Überhaupt wirkt Pirates of the Caribbean wie eine gelungene Auffrischung des Genres: Die guten, alten Zutaten wie schwungvolle Fechtduelle, enternde Piraten, der Kampf gegen Wind und Wetter und Dialoge der Marke „Ich hab das größere Schiff“ bleiben. Gleichzeitig halten aber Special Effects Einzug. Die verfluchte Besatzung verwandelt sich im Mondschein in Skelette, deren Anblick auch nach mehrmaligem Hinschauen nicht langweilig wird. Es gibt immer wieder kleine Details, die dafür sorgen, dass der gleiche Effekt jedesmal neu erscheint: ein Running Gag mit einem Glasauge zum Beispiel oder die vielen Möglichkeiten, einen Piraten umzubringen, die aber einem toten Skelett nichts mehr anhaben können.

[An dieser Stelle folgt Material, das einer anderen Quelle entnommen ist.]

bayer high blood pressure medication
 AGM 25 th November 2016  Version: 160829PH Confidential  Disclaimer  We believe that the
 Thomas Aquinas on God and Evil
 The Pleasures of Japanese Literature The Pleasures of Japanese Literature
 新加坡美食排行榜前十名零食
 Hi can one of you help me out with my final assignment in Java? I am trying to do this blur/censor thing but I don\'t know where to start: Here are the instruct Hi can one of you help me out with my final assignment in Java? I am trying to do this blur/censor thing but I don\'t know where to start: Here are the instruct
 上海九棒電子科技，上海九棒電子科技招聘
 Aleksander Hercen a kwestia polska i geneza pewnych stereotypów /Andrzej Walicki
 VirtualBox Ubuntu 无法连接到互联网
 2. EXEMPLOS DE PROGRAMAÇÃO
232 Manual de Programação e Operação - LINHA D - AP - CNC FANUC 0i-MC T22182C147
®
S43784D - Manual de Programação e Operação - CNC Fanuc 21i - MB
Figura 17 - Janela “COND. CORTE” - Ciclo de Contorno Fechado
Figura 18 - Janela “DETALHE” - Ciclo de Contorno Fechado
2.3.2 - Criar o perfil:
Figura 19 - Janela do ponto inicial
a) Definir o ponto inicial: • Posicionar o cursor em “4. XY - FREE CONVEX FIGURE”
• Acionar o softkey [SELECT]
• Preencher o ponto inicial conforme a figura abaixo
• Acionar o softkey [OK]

Der Film ist mit einer Laufzeit von fast zweieinhalb Stunden ein ziemlicher Brocken geworden. Zum Ende hin geht ihm – was die Handlung angeht – ein wenig die Luft aus: Irgendwann reicht das Hin und Her zwischen Gut und Böse dann auch, und man möchte nur, dass Geoffrey endgültig eins auf die Mütze kriegt oder Orlando und Keira endlich mal knutschen. Der Film scheint das sogar selber zu wissen, denn genau dann, als Orlando Keira zum hundertsten Mal hündisch anhimmelt, sie ihre großen Augen aufreißt und wir den beiden fast zubrüllen möchten: „Jetzt küsst euch schon, Herrgott!“, was sie natürlich nicht tun, kommt Johnny Depp ins Bild geschwuchtelt und nuschelt lakonisch: “If you were waiting for the opportune moment – that was it.”

Und so säbelrasselt und schmachtet sich der Film seinem Ende entgegen: Natürlich geht er aus, wie er ausgehen muss, natürlich gibt es einen zweiten Teil, und natürlich wird auch der keine Botschaft haben. Und in diesem Fall muss ich sagen: Glücklicherweise.

PS: Wer wissen will, warum ich mir so sicher bin, dass es einen zweitenTeil geben wird (mal abgesehen von dem Originaltitel, der ja auch schon in diese Richtung weist), der muss bis nach dem langen, langen Abspann sitzen bleiben.